From shipping canal to nature corridor: the Cross Florida Greenway

Before moving to central Florida in June, I would look at maps and drone images online to get a sense of the area and speculate about where I wanted to live. This big swath of green intrigued me, but I never took the time to figure out what it was. 

From Google Maps

In recent months, I’ve driven under this bridge many times. Again, intrigued but too lazy to pursue any information.

I’ve seen this photo on many websites, but I couldn’t find the original owner.

Recently, I encountered the landmark in person while on a bike ride. I still don’t know many people here, so I used the Meetup app and joined a group to cycle for a couple hours on a paved path starting at the Santos Trailhead in Ocala. As we took off, the organizer, Robyn, said, “Let’s ride to the bridge and then turn around.” Which bridge? Everyone else seemed to know what she was talking about, so I didn’t ask for clarification. 

I pedaled alongside various members of the group, chatting and enjoying the scenery, until we arrived at “the bridge,” which turned out to be THE bridge. The Land Bridge is part of the Marjorie Harris Carr Cross Florida Greenway, and that greenway is the mysterious green swath I had noticed on the maps of this area. I excitedly dashed to the top of the hill and looked down at I-75 traffic zipping by below. It was a bit anticlimactic, but I resolved to learn more once I got home.

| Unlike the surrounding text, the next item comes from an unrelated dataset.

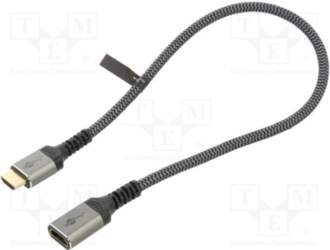 Cable; HDMI socket,HDMI plug; textile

Turns out that green swath was actually meant to be a canal that would have bisected Florida to create a shipping channel from the Gulf of Mexico to the Atlantic Ocean. Ever since Spanish conquistador Pedro Menéndez de Avilés explored the coast of Florida in search of trade passages in the mid-1500s, “national and local leaders fought to secure funding and manpower to build a canal they believed would boost Florida’s economy and importance to global commerce,” according to a Florida State Parks sign on the east side of the bridge.

From a Florida State Parks sign.

In 1942, Congress authorized construction of a 107-mile canal to protect the U.S. shipping industry from Nazi submarines, but a lack of funding delayed construction for almost 30 years. In 1971, about eight years and $50 million into the project, President Richard Nixon signed an injunction to halt the canal. His decision was in part based on opposition by the Florida Defenders of the Environment, headed by local scientist and conservationist Marjorie Harris Carr.

I found an article in the New York Times archive that reported the end of the Cross Florida Barge Canal. In the article, Nixon said, ​​“The step I have taken today will prevent a past mistake from causing permanent damage. But more important, we must assure that in the future we take not only full but also timely account of the environmental impact of such projects, so that instead of merely halting the damage, we prevent it.”

In 1992, the canal property became the Cross Florida Greenway, a 110-mile linear state park. The park includes 70,000 acres of land and the country’s first Land Bridge over a major interstate, a corridor used by black bears and other wildlife. According to the Florida Hikes! website, construction on the Land Bridge started in 1999, and is at its core, “a giant planter, with 87-ton beams stretching 2,000 feet across I-75 to hold soil, rock, trees, native plants, and a watering system in a thousand-ton cradle of concrete and steel.”

The day of our bike ride, the only non-human I saw using the Land Bridge was this gopher tortoise. (While researching the Land Bridge, I spent an inordinate amount of time getting side-tracked by this cool animal. They dig burrows that are said to provide shelter for 360 other species of wildlife!)

Now that I have identified the mysterious green swath, I hope to spend more time there.